### ASSIGNED TASK
Output only the stretch of the listing that starts at the line containing "Alright you guys, I" and ends at the line containing "Let's take a", reproduced exactly with both ends.

### STUDY MATERIAL
═══

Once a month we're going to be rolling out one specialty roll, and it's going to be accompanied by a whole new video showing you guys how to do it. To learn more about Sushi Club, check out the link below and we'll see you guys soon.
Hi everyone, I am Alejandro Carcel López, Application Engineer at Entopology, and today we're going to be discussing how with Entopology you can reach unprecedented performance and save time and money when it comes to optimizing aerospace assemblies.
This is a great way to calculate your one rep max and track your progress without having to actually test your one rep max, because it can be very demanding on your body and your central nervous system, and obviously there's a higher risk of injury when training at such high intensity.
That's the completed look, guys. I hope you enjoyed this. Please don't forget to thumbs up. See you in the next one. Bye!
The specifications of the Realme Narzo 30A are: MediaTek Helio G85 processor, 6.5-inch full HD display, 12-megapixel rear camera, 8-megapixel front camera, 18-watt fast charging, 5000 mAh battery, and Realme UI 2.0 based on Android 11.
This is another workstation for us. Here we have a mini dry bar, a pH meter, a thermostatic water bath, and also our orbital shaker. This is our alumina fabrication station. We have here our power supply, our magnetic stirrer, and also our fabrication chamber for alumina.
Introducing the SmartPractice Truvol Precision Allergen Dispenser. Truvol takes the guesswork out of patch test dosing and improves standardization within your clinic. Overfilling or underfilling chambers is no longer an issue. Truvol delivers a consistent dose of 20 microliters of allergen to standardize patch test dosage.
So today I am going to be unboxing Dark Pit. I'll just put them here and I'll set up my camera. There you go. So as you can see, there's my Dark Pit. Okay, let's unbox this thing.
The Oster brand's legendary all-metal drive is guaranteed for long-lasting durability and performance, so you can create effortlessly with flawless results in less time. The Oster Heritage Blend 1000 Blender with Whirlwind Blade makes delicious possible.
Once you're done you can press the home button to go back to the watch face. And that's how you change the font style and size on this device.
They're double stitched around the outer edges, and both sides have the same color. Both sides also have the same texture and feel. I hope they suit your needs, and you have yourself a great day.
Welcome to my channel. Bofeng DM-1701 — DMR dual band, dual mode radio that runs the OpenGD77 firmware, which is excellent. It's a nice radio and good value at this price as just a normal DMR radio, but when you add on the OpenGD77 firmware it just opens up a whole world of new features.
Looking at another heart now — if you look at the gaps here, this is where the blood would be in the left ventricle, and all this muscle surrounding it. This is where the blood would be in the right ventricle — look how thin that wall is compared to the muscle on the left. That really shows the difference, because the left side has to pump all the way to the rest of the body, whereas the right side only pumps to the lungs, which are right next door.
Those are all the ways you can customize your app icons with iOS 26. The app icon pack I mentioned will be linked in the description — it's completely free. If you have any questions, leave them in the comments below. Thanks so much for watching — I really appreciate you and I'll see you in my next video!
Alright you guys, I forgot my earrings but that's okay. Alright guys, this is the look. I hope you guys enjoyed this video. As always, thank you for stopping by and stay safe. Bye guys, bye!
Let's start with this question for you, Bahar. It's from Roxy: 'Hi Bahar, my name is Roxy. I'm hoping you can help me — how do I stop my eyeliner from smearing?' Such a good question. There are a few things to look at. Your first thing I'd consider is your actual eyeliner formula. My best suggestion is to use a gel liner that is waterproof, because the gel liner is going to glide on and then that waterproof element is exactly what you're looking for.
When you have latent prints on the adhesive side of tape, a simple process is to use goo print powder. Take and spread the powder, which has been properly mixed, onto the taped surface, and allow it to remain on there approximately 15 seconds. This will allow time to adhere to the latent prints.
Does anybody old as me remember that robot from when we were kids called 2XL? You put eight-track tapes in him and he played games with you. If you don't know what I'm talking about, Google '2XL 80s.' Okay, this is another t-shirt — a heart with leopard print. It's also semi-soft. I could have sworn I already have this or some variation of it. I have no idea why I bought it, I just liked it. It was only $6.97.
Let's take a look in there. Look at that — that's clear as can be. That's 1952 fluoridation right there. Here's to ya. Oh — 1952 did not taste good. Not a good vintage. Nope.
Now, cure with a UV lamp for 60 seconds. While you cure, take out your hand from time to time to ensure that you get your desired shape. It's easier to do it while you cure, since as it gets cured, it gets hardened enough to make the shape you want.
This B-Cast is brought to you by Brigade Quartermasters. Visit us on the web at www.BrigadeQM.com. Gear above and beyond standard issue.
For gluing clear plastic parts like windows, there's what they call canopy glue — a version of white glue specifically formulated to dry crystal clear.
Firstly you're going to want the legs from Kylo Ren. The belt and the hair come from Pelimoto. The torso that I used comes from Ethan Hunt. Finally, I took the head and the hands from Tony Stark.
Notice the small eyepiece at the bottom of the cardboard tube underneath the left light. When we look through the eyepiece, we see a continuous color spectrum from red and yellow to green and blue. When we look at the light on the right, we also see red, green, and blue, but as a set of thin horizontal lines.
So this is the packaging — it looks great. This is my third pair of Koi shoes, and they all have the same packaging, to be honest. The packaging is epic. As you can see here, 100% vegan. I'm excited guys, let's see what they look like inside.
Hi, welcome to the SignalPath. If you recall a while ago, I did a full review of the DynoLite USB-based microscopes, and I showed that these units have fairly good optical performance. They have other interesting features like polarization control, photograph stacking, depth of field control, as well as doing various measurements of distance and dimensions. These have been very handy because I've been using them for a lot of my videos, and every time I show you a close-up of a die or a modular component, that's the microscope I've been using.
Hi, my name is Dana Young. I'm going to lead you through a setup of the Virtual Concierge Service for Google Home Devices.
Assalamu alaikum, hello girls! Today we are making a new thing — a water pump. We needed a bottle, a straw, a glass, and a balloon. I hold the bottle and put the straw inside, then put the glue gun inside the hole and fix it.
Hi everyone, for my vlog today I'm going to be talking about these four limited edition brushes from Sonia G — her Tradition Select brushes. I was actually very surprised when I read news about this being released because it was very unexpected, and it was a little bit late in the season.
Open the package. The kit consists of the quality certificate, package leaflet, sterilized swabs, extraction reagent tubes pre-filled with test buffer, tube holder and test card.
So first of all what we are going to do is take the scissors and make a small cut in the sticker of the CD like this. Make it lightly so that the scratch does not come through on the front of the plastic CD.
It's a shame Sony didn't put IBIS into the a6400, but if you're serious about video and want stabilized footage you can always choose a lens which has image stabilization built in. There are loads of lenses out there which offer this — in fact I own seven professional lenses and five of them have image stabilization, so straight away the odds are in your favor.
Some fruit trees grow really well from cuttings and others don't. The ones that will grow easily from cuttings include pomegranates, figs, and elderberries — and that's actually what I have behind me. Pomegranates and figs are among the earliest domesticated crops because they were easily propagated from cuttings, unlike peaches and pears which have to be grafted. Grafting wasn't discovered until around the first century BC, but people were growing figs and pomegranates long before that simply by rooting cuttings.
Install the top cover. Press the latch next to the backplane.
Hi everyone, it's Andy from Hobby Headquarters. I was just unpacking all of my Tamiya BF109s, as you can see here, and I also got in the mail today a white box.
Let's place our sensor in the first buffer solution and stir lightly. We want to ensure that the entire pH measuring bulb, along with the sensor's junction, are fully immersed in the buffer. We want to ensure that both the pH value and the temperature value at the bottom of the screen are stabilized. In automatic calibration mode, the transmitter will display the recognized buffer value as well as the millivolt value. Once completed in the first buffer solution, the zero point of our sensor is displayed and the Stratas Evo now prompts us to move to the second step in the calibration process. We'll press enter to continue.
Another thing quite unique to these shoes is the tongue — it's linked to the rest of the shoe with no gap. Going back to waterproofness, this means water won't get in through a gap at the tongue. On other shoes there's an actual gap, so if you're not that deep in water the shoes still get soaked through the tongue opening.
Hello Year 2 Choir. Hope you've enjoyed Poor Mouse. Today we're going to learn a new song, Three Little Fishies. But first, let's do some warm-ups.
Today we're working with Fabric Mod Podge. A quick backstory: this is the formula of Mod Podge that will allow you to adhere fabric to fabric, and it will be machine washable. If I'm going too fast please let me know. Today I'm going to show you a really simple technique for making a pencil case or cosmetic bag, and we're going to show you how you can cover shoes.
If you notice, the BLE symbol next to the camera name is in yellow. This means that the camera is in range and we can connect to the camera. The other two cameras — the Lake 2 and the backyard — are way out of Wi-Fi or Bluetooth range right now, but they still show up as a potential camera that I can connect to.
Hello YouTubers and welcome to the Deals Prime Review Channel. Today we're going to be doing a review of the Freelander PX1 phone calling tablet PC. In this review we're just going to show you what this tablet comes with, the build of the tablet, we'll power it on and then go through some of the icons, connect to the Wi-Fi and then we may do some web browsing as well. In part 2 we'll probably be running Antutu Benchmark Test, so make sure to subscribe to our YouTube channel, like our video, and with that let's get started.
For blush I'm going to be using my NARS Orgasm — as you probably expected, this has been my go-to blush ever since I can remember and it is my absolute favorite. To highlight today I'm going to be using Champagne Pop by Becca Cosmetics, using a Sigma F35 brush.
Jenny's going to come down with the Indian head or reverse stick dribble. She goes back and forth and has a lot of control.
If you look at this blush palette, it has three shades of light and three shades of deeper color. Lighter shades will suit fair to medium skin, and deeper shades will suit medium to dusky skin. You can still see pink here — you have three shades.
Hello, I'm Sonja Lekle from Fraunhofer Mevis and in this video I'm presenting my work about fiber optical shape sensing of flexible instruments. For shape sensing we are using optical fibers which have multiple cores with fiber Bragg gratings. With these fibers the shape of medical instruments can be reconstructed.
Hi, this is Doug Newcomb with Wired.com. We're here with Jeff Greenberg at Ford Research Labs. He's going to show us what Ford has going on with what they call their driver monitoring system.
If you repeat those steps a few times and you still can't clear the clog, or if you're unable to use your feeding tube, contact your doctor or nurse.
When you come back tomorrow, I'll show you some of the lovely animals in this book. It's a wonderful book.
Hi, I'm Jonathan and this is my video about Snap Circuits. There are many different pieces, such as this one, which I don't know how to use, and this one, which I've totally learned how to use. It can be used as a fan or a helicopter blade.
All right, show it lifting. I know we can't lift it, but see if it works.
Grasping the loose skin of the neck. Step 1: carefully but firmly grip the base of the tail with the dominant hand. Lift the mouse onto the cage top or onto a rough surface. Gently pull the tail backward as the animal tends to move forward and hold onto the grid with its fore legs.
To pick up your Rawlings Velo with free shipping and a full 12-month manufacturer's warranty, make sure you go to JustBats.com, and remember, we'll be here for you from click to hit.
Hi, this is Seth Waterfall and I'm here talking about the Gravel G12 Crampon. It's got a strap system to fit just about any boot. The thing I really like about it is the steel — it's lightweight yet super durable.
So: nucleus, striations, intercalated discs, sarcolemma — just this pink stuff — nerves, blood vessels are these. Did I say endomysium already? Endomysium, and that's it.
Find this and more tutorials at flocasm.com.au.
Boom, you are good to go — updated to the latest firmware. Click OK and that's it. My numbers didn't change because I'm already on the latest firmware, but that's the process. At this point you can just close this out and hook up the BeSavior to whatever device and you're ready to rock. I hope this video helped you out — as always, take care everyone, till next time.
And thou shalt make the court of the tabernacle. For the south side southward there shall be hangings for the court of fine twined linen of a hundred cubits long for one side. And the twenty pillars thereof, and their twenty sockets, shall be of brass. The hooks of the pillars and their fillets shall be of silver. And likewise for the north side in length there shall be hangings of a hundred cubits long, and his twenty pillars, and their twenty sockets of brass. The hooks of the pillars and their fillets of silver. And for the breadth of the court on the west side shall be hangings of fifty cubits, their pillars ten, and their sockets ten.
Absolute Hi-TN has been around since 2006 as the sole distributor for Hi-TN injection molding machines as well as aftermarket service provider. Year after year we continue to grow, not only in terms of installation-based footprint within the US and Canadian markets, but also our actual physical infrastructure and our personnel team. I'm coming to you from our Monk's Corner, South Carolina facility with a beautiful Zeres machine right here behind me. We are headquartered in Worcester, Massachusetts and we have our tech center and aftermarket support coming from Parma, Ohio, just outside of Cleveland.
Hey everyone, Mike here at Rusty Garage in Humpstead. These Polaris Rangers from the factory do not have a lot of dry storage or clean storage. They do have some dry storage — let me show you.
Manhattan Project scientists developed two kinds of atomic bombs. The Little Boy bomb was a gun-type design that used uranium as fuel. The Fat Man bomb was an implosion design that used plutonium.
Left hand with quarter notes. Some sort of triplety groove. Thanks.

═══

### EXERCISE RESPONSE
Alright you guys, I forgot my earrings but that's okay. Alright guys, this is the look. I hope you guys enjoyed this video. As always, thank you for stopping by and stay safe. Bye guys, bye!
Let's start with this question for you, Bahar. It's from Roxy: 'Hi Bahar, my name is Roxy. I'm hoping you can help me — how do I stop my eyeliner from smearing?' Such a good question. There are a few things to look at. Your first thing I'd consider is your actual eyeliner formula. My best suggestion is to use a gel liner that is waterproof, because the gel liner is going to glide on and then that waterproof element is exactly what you're looking for.
When you have latent prints on the adhesive side of tape, a simple process is to use goo print powder. Take and spread the powder, which has been properly mixed, onto the taped surface, and allow it to remain on there approximately 15 seconds. This will allow time to adhere to the latent prints.
Does anybody old as me remember that robot from when we were kids called 2XL? You put eight-track tapes in him and he played games with you. If you don't know what I'm talking about, Google '2XL 80s.' Okay, this is another t-shirt — a heart with leopard print. It's also semi-soft. I could have sworn I already have this or some variation of it. I have no idea why I bought it, I just liked it. It was only $6.97.
Let's take a look in there. Look at that — that's clear as can be. That's 1952 fluoridation right there. Here's to ya. Oh — 1952 did not taste good. Not a good vintage. Nope.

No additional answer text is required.